THE DATA →
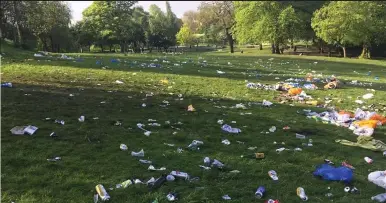  ??  ?? In a mess: Kelvingrov­e Park in Glasgow was strewn with rubbish after a party on Monday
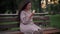 Portrait of frustrated senior Caucasian woman eating sandwich sitting on bench in park on windy overcast day. Medium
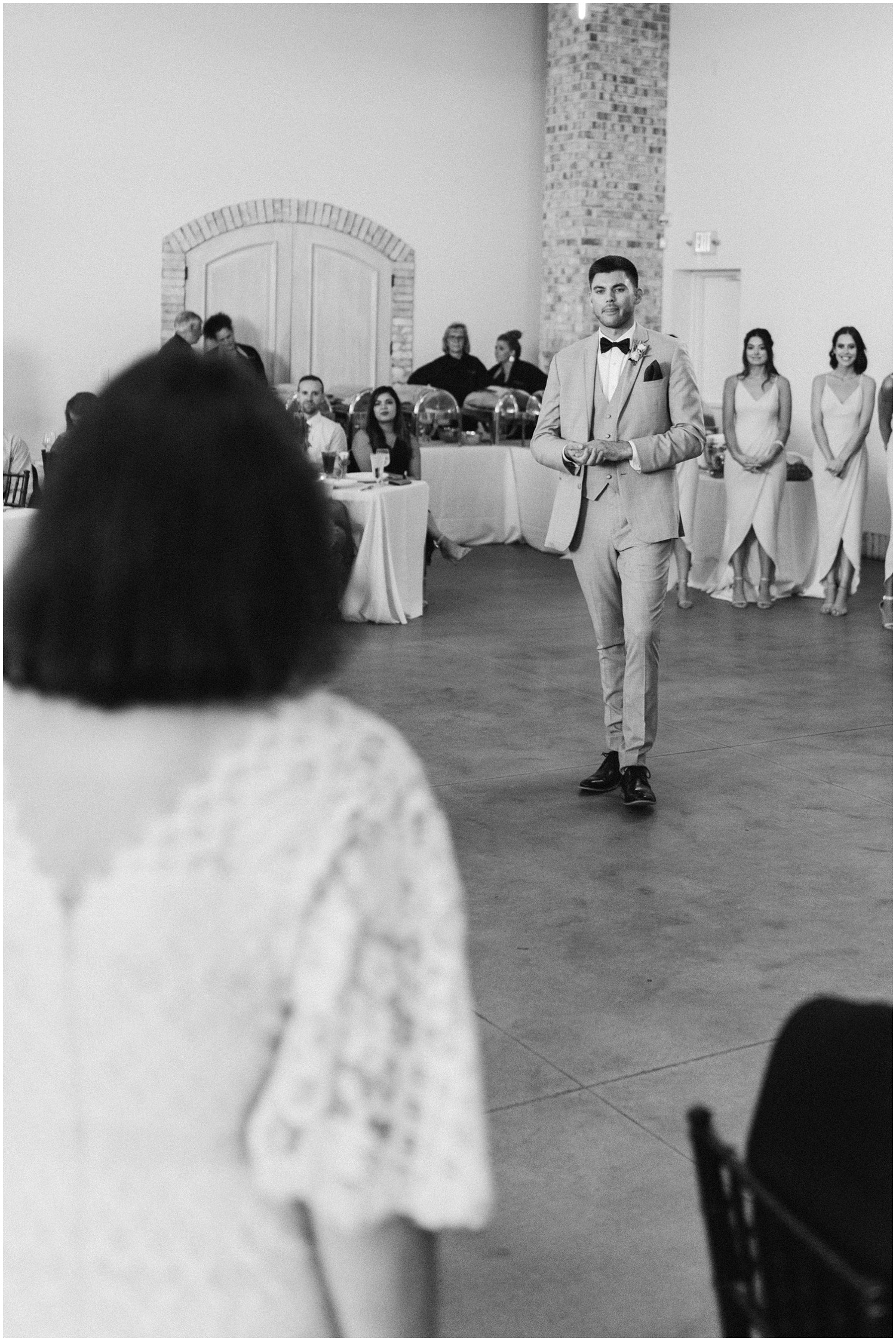 groom walks to get mom during Wrightsville Manor wedding reception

WORK TO BE COMPLETED → From the data above, write out everything exactly except the pictures.

EXERCISE SOLUTION →
  ??  ?? In a mess: Kelvingrov­e Park in Glasgow was strewn with rubbish after a party on Monday
 Portrait of frustrated senior Caucasian woman eating sandwich sitting on bench in park on windy overcast day. Medium
 groom walks to get mom during Wrightsville Manor wedding reception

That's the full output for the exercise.